Jak szturmowiec uhonorował walkę swojej żony z rakiem
Dzisiaj pewien mężczyzna kończy około 600 mil marszu z San Francisco do San Diego ... przebrany za szturmowca. I chociaż możesz pomyśleć, że to wszystko dla zabawy, to nie może być dalsze od prawdy.
Kevin Doyle odbył tę podróż na cześć swojej żony, Eileen Shige Doyle, artystki i zagorzałej fanki „Gwiezdnych Wojen”, która zmarła na raka trzustki w listopadzie 2012 roku. Próbuje też zebrać fundusze na utworzoną w jej imieniu organizację charytatywną, Aniołki Eileen.

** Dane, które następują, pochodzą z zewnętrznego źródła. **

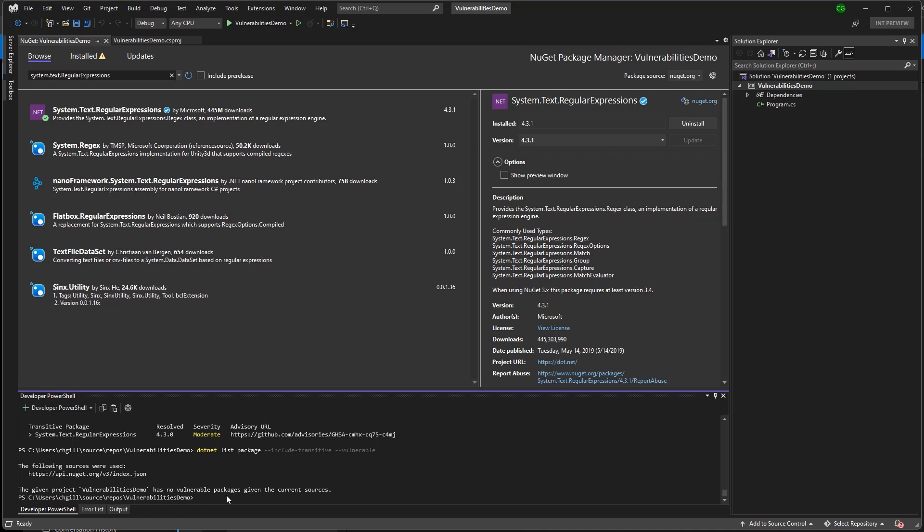All right, time to move on to our deprecated package. Let's go back to the install tab.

Organizacja planuje zorganizować lekcje sztuki w szpitalach dziecięcych dla dzieci obecnie walczących z rakiem. Będą również przekazywać książki, koce i zabawki, wraz z grafiką Eileen oraz organizować wizyty ludzi przebranych za superbohaterów i postacie z „Gwiezdnych Wojen”.
„Mam nadzieję, że ten spacer pomoże mi wyleczyć i nadać sens mojemu życiu, dzieląc się duchem Eileen z dziećmi walczącymi z rakiem i wprowadzając trochę słońca do ich życia” - napisał Doyle na swojej stronie Crowdrise.

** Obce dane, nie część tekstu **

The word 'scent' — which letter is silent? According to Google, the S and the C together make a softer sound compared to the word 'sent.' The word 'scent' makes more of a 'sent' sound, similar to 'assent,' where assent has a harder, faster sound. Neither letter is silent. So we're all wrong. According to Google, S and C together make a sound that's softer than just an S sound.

U Eileen po raz pierwszy zdiagnozowano raka wiele lat temu. „Przez 12 miesięcy nazywała szpital Abbott Northwestern swoim domem, cierpiąc przez wiele dni leczenia, które prawie ją zabiły, tylko po to, by powtarzać to w kółko, aż w końcu go pokonała” - napisał Doyle w Crowdrise. „Eileen kontynuowała z nadzieją i rodziną, żyjąc każdego dnia, nie oglądając się za siebie, żyjąc chwilą z nowym życiem przed sobą”.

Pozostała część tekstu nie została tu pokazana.